The problem is that rival parties are so focused on their own political survival and vested interests that they seem too busy to heed serious warnings from international experts about the need for structural reforms to grapple with festering economic risks.

Among a flurry of warnings, there are two reports about Korea that deserve particular attention: one from the International Monetary Fund and the other from the Institute of International Finance. Both reports were released Sunday.

The 2023 Article IV Consultation report on Korea, based on an IMF team’s visit to Korea from Aug. 24 through Sept. 6, outlines challenges and outlooks for the country, including the need for pension reform.

“Pension reform is needed to safeguard long-term fiscal sustainability and alleviate old-age poverty,” the IMF said in the report. “A rules-based fiscal framework would help anchor public finances.”
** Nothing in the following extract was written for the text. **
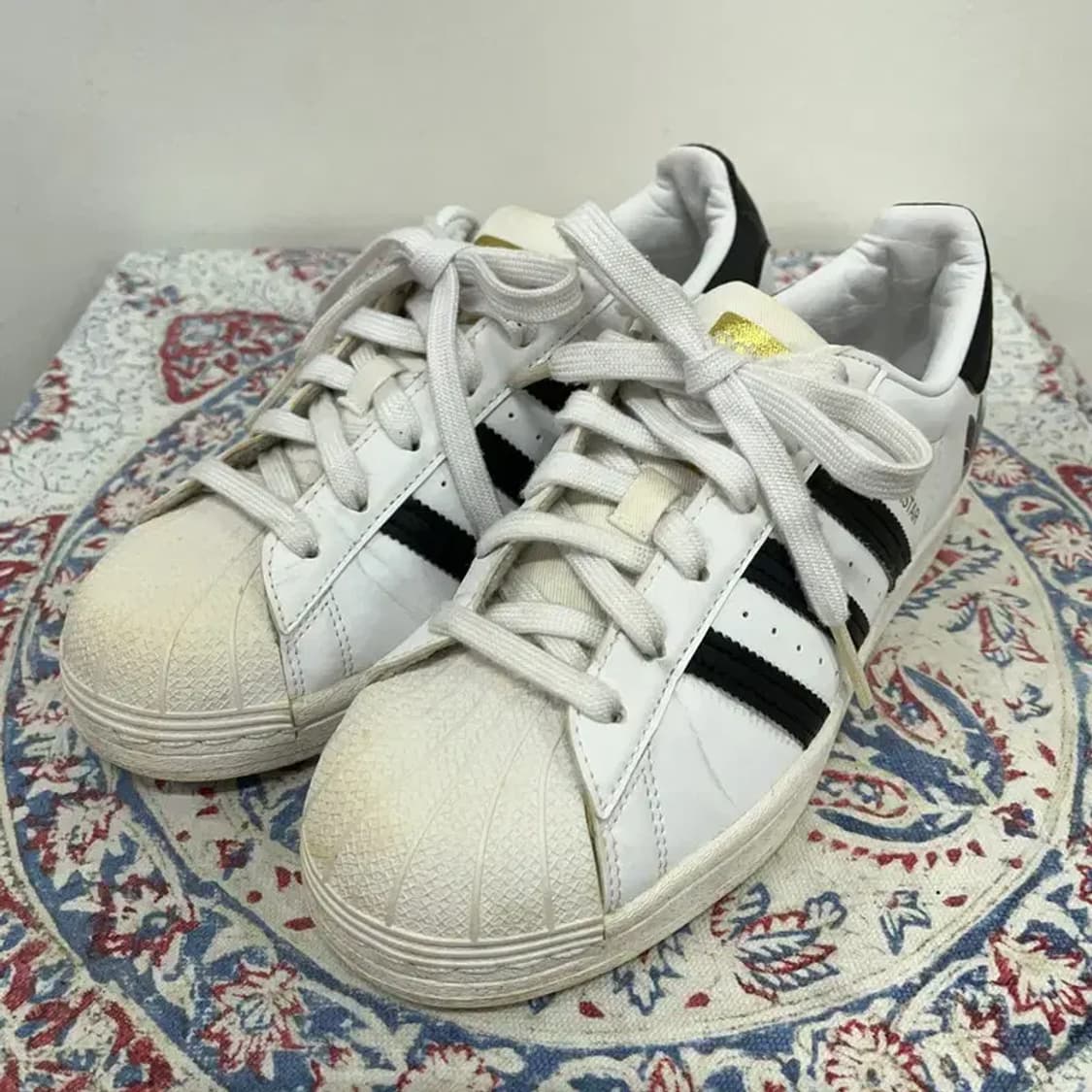 아디다스 슈퍼스타 트레포일 화이트 스니커즈 230 E00170 상품이미지1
The state’s pension fund is set to confront more problems in the future, mainly an intractable demographic crisis marked by plunging birth rates, an aging population and longer lifespans. Without drastically overhauling the pension system, the IMF warned, “By 2075, public debt-to-gross domestic product would be projected to go up by around 200 percent.”
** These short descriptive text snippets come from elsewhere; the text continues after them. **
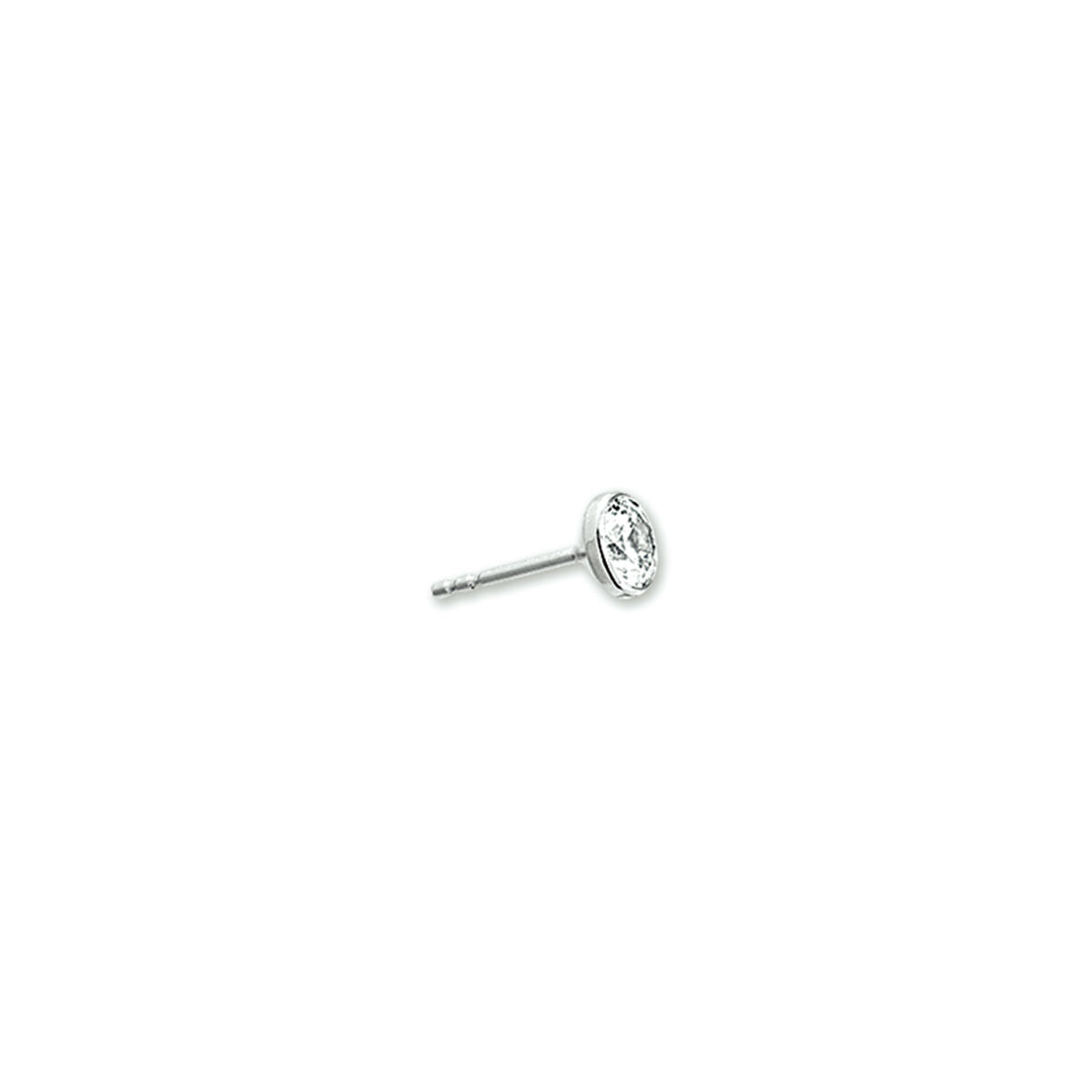 Orecchini a bottone zircone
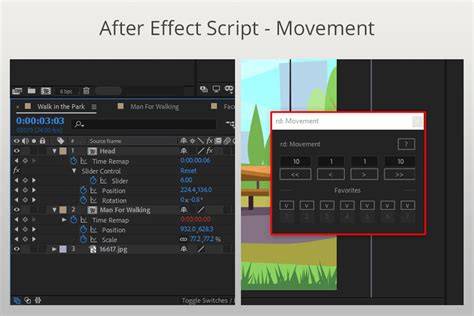Exemples d’animations texte avec scripts After Effects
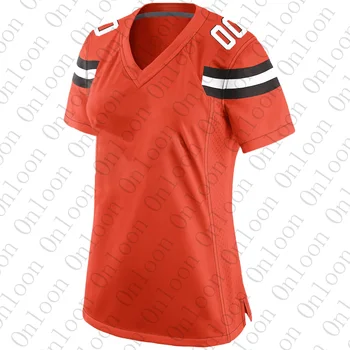 

Women New American Football Clevelan Sport fans Wear Baker Mayfield Odell Beckham Jr Robert Griffin III Nick CHubb Brown Jerseys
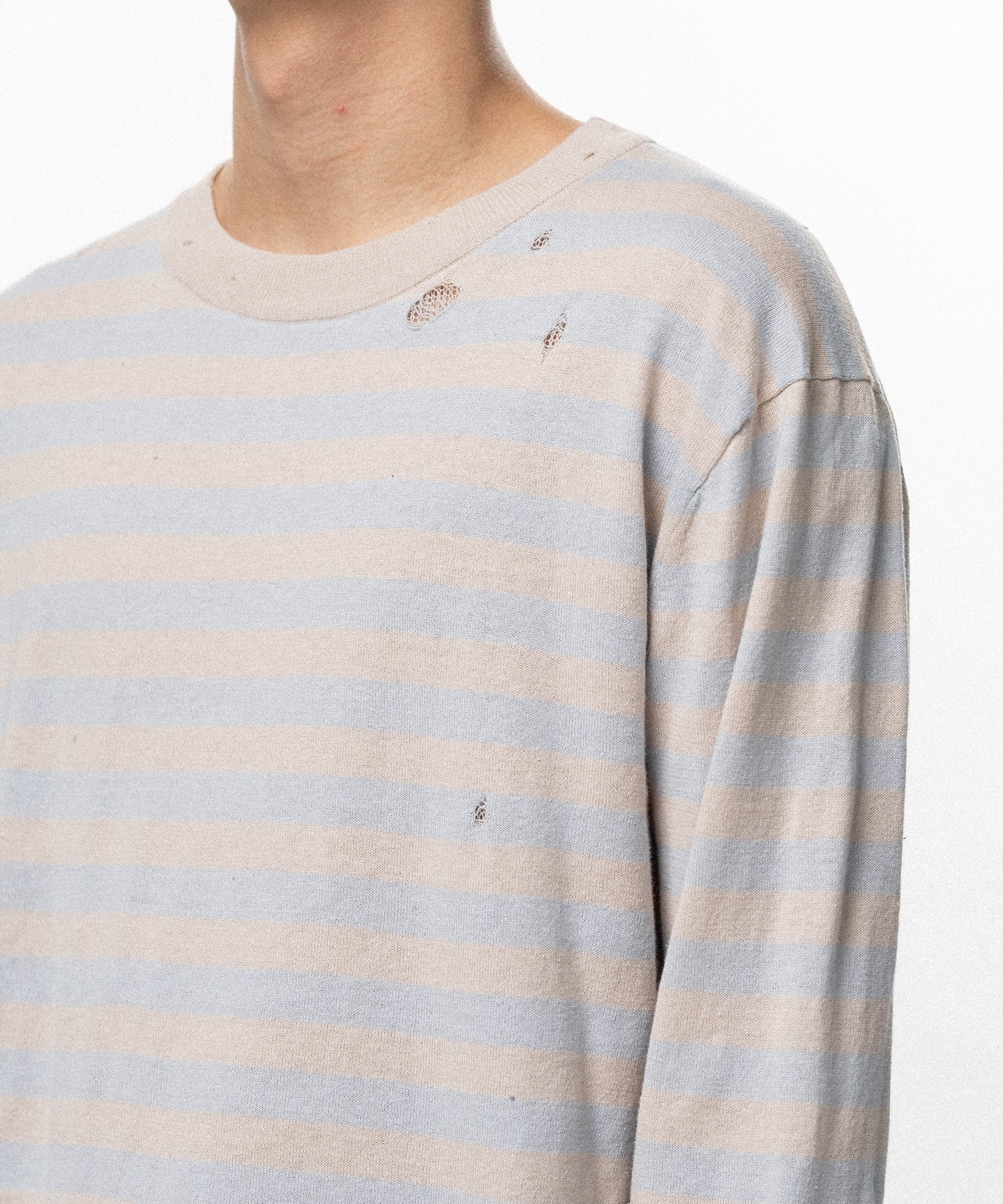 Layered Horizontal Striped Knit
The debt problem is not limited to the government’s handling of the pension system. According to the report released by the IIF, Korea’s debt-to-GDP ratio in non-financial firms was 126.1 percent in the third quarter, the third highest among 34 economies surveyed after Hong Kong and China.

In addition, Korea’s corporate debt ratio in the third quarter grew by 5.2 percentage points from the previous quarter, marking the second-fastest gain.

Global monetary tightening that keeps interest rates at a high level and foments a sluggish economy at home and abroad is said to have aggravated the financial status of more companies.

Burgeoning corporate debt has continued in the fourth quarter, as well. Data from the country’s five major banks show that outstanding corporate loans totaled 766 trillion won ($594.9 billion) as of Nov. 16, up 62.6 trillion won from the level at the end of December 2022.

Affected by expanding debt, a growing number of companies are going bankrupt. The IIF report said the insolvency rate in Korea was about 40 percent as of October, the second-highest level among the 17 economies assessed in the survey.

Unfortunately, the warnings about the double whammy -- worsening fiscal soundness and snowballing corporate debt -- have largely been ignored by Korean politicians, many of whom are trying to appeal to voters in their constituencies.

The Yoon Suk Yeol government and the ruling People Power Party slashed the research and development budget for next year, but the main opposition Democratic Party of Korea reversed the cut by adding about 800 billion won to the budget. The party is also earmarking extra money for regional projects favored by its lawmakers, including party leader Lee Jae-myung.

Equally troubling is the People Power Party’s demand for an increase in state budget for the young and elderly, such as health insurance expansion and meals support -- the so-called populist pledges that contradict President Yoon’s firm opposition against acts of vote-buying in the ruling party.

Ten standing committees of the National Assembly have so far completed the review of the 2024 budget and called for an increase of 9 trillion won in total. Given that other committees are yet to finish deliberating the budget details, the amount of the net increase in budget is expected to rise further.

As Korea faces challenges in various fields such as pension reform, fiscal policy and corporate debt, it is time for policymakers to heed the IMF’s advice, which stresses the importance of “renewed structural reform momentum.”